Penulis tertarik membahas khusus ihwal amnesti bagi Hasto karena perkara ini memperlihatkan simpul paling kompleks antara konstitusi, etika publik, dan legitimasi politik. Di satu sisi, amnesti adalah hak prerogatif Presiden yang sah menurut UUD 1945. Namun di sisi lain, keputusan ini lahir dari ruang yang sarat tafsir: benarkah ada muatan politis dalam penetapan status hukum Hasto? Dan jika iya, apakah amnesti menjadi solusi atau justru titik rawan demokrasi?
Isu ini menjadi penting karena menyentuh jantung kepercayaan publik terhadap sistem hukum. Di tengah sorotan terhadap penegakan hukum yang sering dipersepsikan tajam ke bawah dan tumpul ke atas, pemberian amnesti terhadap seorang tokoh sentral partai politik menimbulkan beragam reaksi: dari apresiasi rekonsiliasi hingga tudingan politisasi hukum. Tulisan ini mencoba menelaah lebih dalam: benarkah amnesti bagi Hasto adalah jalan etis, atau justru cermin ambiguitas kekuasaan?
1. Amnesti dan Hak Konstitusional: Legalitas yang Mengandung Etika
Dalam Pasal 14 ayat (2) UUD 1945, Presiden RI diberikan wewenang untuk memberikan amnesti dengan mempertimbangkan DPR. Secara hukum, keputusan Presiden Prabowo dalam memberi amnesti kepada Hasto telah melalui proses formal. DPR pun telah menyetujui pertimbangan tersebut. Namun dalam politik, legalitas tidak selalu menjamin netralitas moral.
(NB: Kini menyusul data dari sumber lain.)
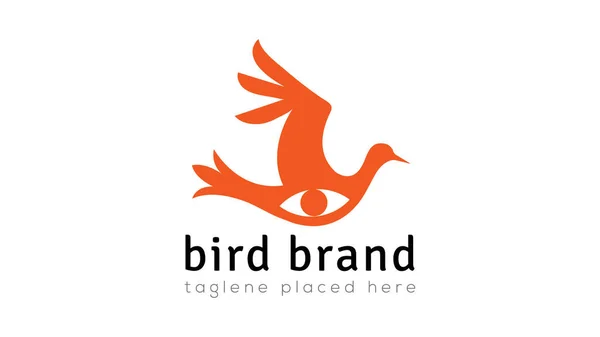 Logotipo Vetor Pássaro Emblema Pássaro Ilustração Pássaros Para Etiqueta Capa — Vetor de Stock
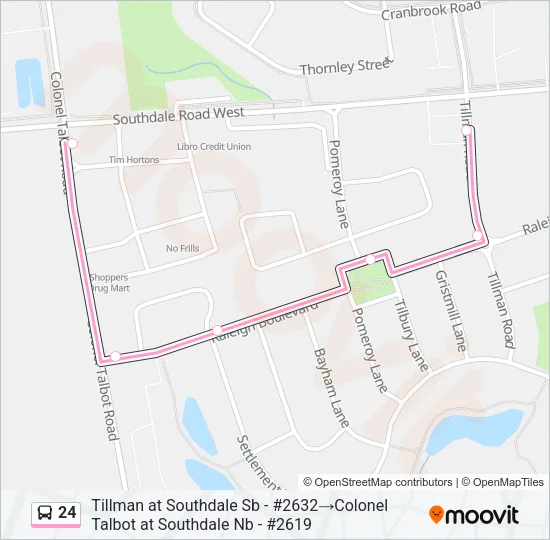 24  Line Map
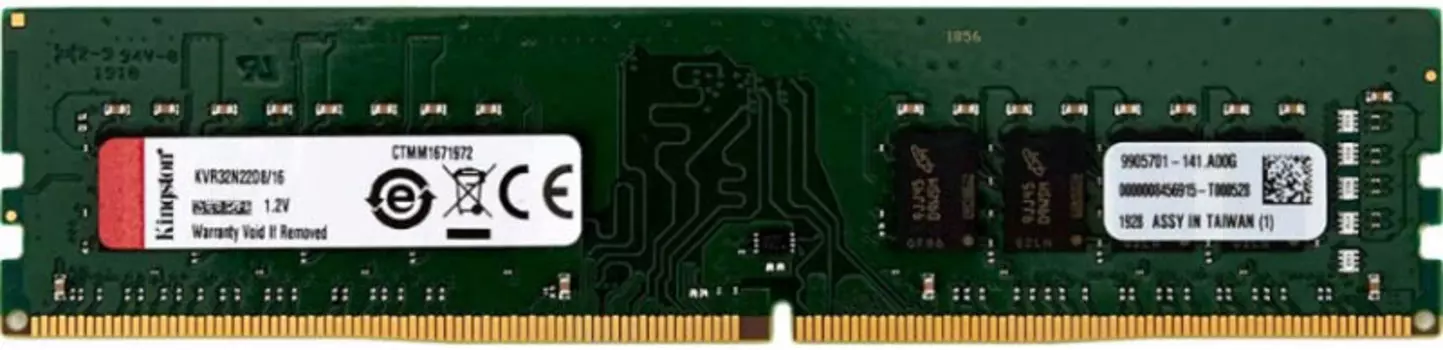 Оперативная память DIMM 32 Гб DDR4 3200 МГц Kingston (KVR32N22D8/32) PC4-25600
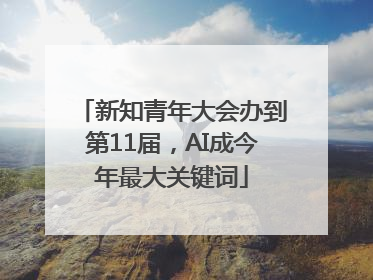 新知青年大会办到第11届，AI成今年最大关键词
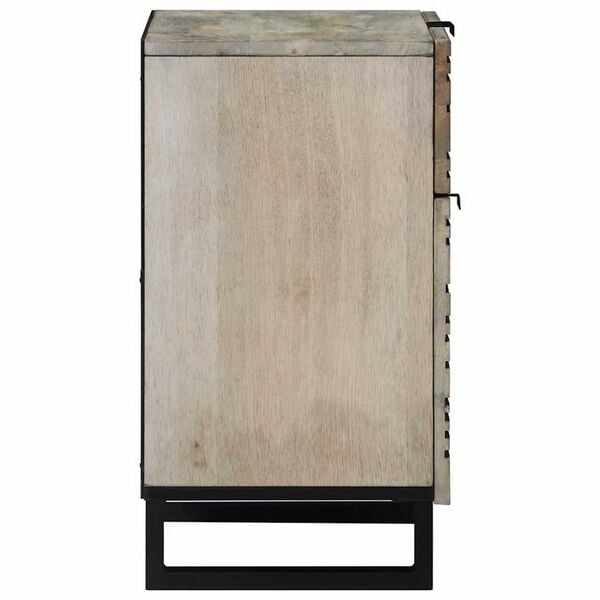 vidaXL Bedside Cabinet with Drawer White and Black 50 x 33 x 60 cm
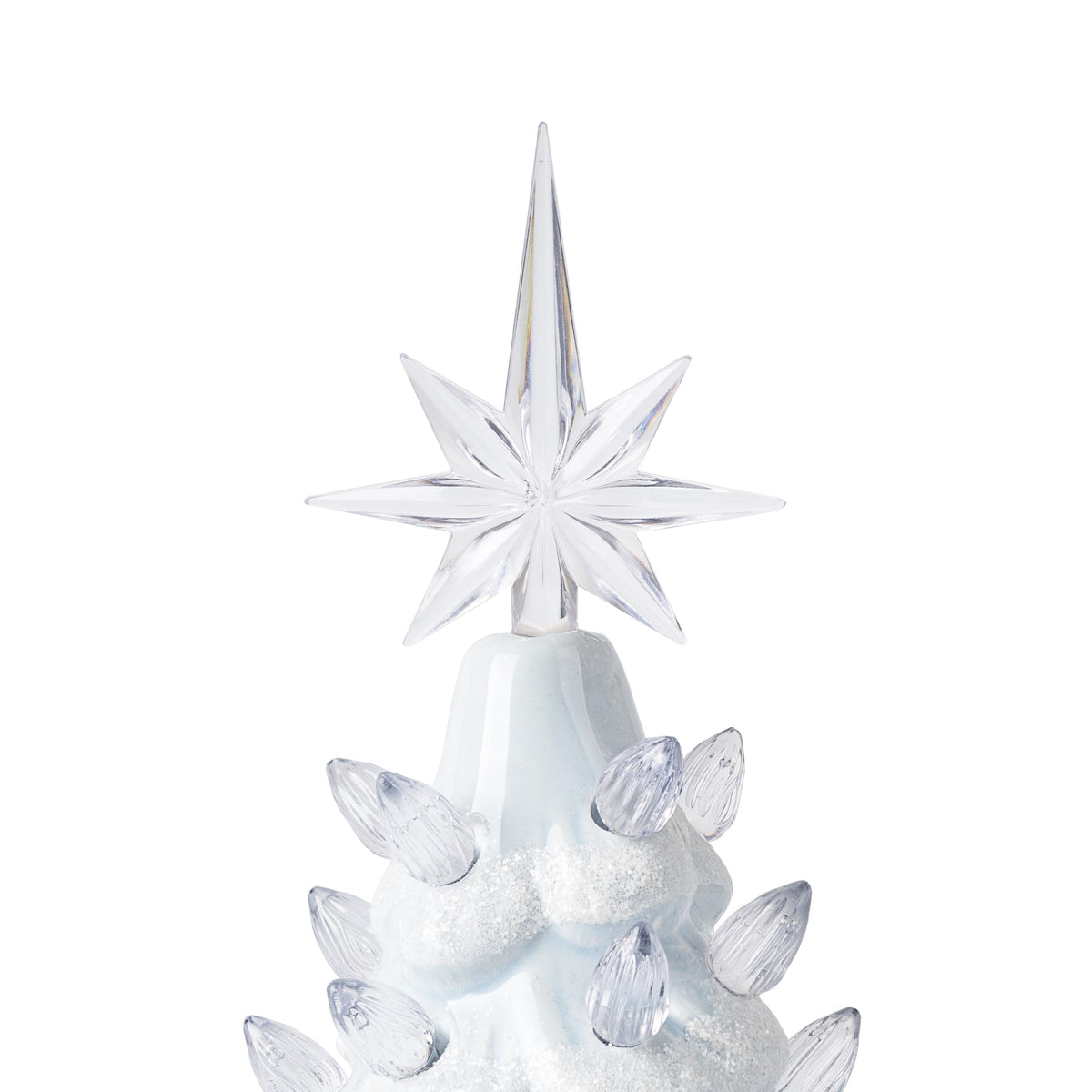 Lighted Ceramic Christmas Tree, 13 Inch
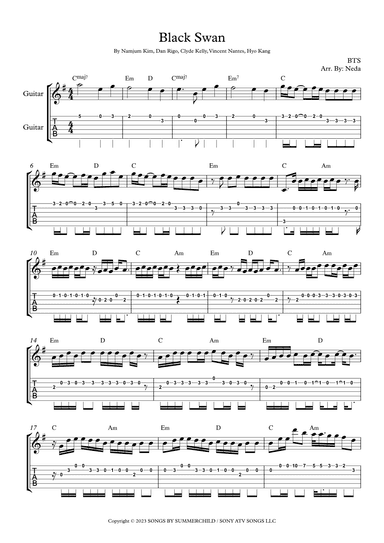 Black Swan (arr. Arr. Neda)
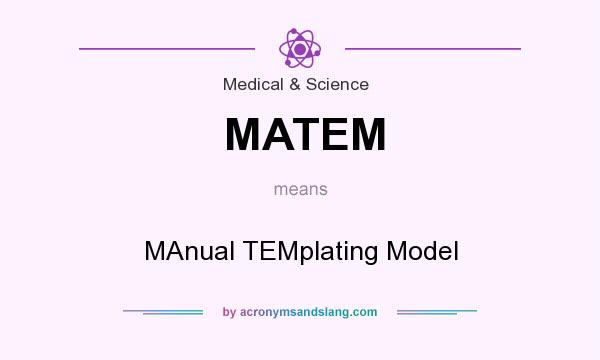 What does MATEM mean? It stands for MAnual TEMplating Model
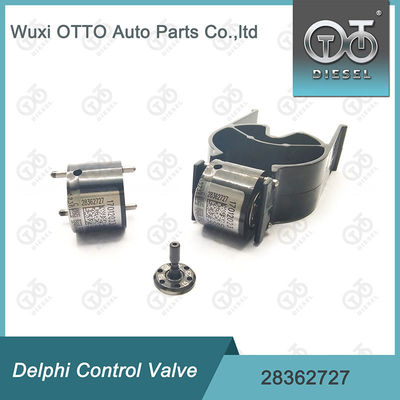 Katup kontrol injektor Delphi baja berkecepatan tinggi berlapis hitam Model 28362727 untuk Injektor Common Rail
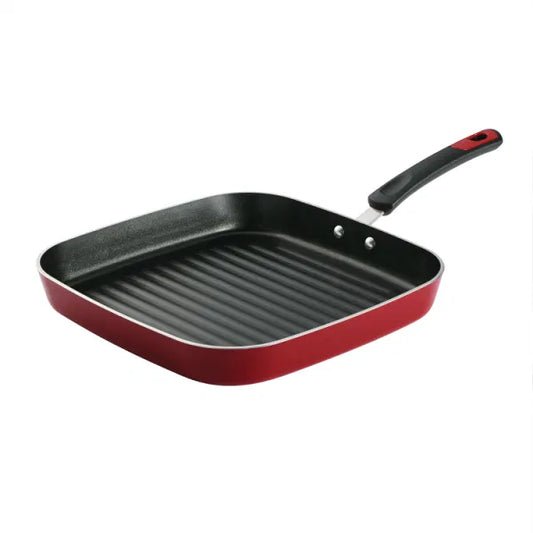 Tramontina EveryDay 11-in Aluminum Nonstick Square Grill Pan Red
Pakar pidana Abdul Fickar Hadjar menyatakan bahwa Presiden melihat kasus Hasto sebagai bermuatan politis. Argumentasi ini membuka ruang tafsir luas: apakah setiap perkara hukum yang menimpa elite politik bisa diklasifikasikan sebagai "politis", dan dengan demikian layak mendapat pengampunan? Bila demikian, kita patut khawatir akan munculnya preseden di mana hukum menjadi subordinat dari kompromi kekuasaan.
Amnesti seharusnya digunakan dalam situasi luar biasa—konflik ideologis, krisis nasional, atau pelanggaran hukum yang memiliki dimensi rekonsiliatif. Jika tidak, amnesti kehilangan daya sakralnya dan berubah menjadi sekadar alat taktis kekuasaan yang dilegitimasi oleh prosedur.